Exit donc l'hypothèse fantaisiste de mobiliser de force l'épargne détenue sur leur Livret A, ou de créer un nouveau livret réglementé dédié au financement de la défense, le ministre de l'Economie comptant recourir «aux produits d'épargne que [les Français] utilisent déjà», à savoir : l'assurance vie, le plan épargne retraite (PER), le plan d’épargne en actions (PEA) et les plans d’épargne salariale (PEE, Pero, Percol). Pour ce faire, le gouvernement compte encourager la création de fonds d'investissement d'un genre particulier, appelés fonds de private equity. Leur but : investir dans des entreprises non cotées en Bourse. Sauf nos 9 champions nationaux (Airbus, Thales, Dassault Aviation…), notre secteur industriel de défense est en effet composé de 4 500 entreprises (TPE, PME et ETI) qui, pour la grande majorité, appartiennent à l'univers du «non coté». Pour se financer, elles peuvent faire appel à des fonds de private equity, qui collectent l'argent des investisseurs pour - entre autres - entrer à leur capital, comme on le ferait en Bourse en achetant les actions d'une société cotée.

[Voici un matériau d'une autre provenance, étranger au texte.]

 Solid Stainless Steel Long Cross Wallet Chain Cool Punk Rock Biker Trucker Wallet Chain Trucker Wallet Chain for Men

Des investisseurs volontaires… ou qui s’ignorent
Pour accéder à ce type de fonds, il faudra donc regarder du côté des unités de compte (UC) de vos différents produits d'épargne long terme. L'investissement dans le non coté est en effet un placement non garanti, qui présente un risque de perte en capital (et généralement noté 6 ou 7 sur 7 sur l'échelle du risque). Vous pourrez prochainement retrouver parmi l'offre d'UC de votre assureur des fonds de private equity dont les lancements ont été annoncés ce jeudi 20 mars. La Banque publique d'investissement (Bpifrance) va par exemple commercialiser un fonds «Bpifrance Défense», «qui va permettre aux Français d'investir à partir de 500 euros dans un fonds de la BPI (...) qui investira lui-même dans des PME et startups de la défense», a détaillé ce jeudi Nicolas Dufourcq, directeur général de la BPI.

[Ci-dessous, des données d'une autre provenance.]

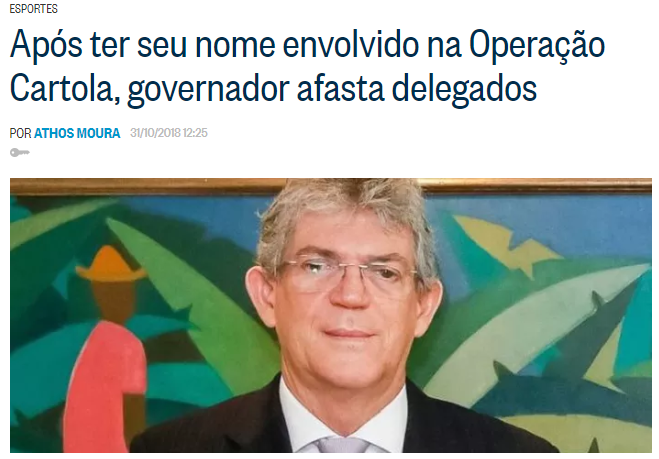 RC NA MÍDIA NACIONAL : Colunista de O Globo destaca exoneração de delegados responsáveis pela Operação Cartola na Paraíba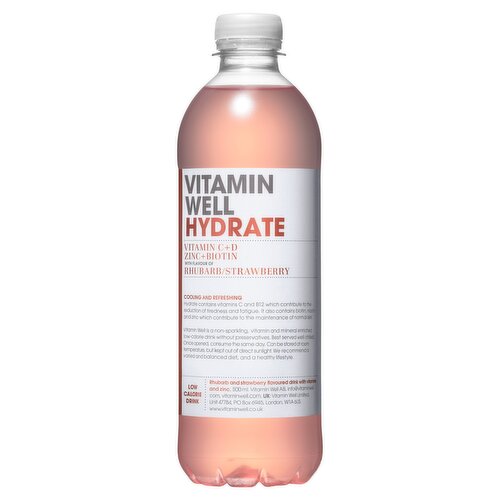 Vitamin Well Hydrate with Flavour of Rhubarb/Strawberry 500ml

Sur le même modèle, Henri Marcoux, directeur général adjoint de Tikehau Capital, a annoncé, lors d'une table ronde au ministère de l'Economie ce jeudi, que ce gestionnaire d'actifs - qui jusqu'ici réservait ces fonds à une clientèle institutionnelle (banques, assureurs) - allait réfléchir «à une unité de compte pour l'assurance vie et les PER, en collaboration avec la Société générale», à destination, donc, des particuliers. Notons toutefois qu'en ce qui concerne Bpifrance, passer par votre assurance vie ou votre PER ne sera même pas obligatoire : il est aussi prévu que vous puissiez investir dans ce nouveau fonds «en direct», c'est-à-dire avec vos liquidités via le site de la BPI.

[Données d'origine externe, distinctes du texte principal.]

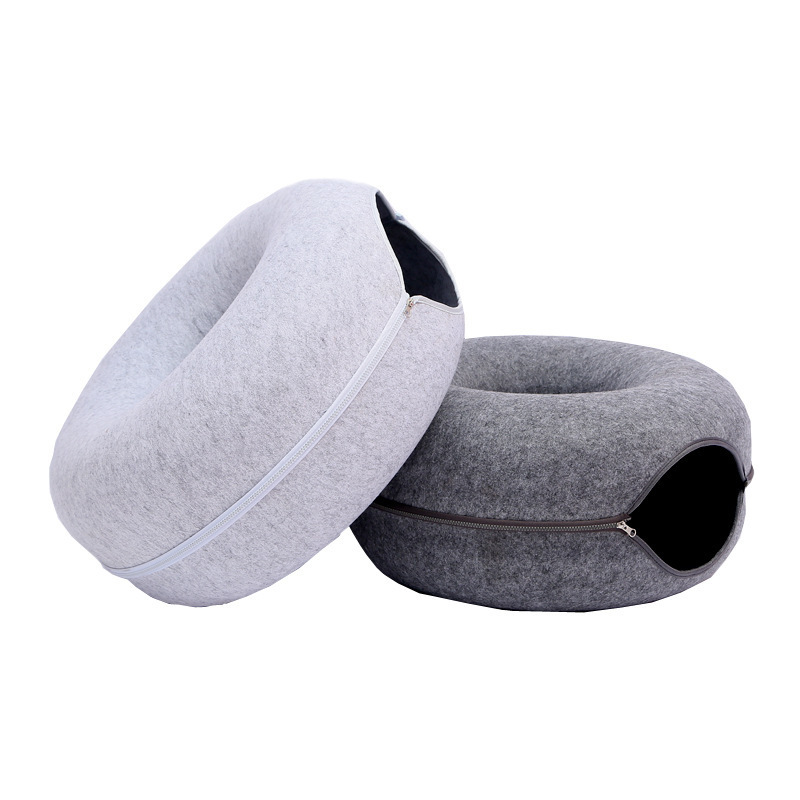 New Black High Quality 2 In 1 Funny Donut Cat Tunnel Pet Bed Sustainable Felt Cat's Nest Donut Tunnel Openings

A priori, le financement de la défense française reposera donc bien sur un contingent d'investisseurs volontaires. Mais en réalité pas seulement. Depuis l'entrée en vigueur de la loi industrie verte, une partie de l'épargne placée en assurance vie et PER est en effet automatiquement fléchée vers des fonds de private equity, pour les épargnants ayant opté pour une gestion pilotée - qui est l'option par défaut en PER. A chaque versement, entre 4 et 15% du montant (selon le profil de risque choisi) est désormais dirigé vers des actifs non cotés, «y compris dans le secteur de la défense», précise le communiqué sur le financement de la BITD. Autrement dit, des fonds de private equity préexistants aux annonces du jour investissent déjà - entre autres - dans des entreprises du secteur de la défense, avec une partie de l'épargne détenue en assurance vie et PER.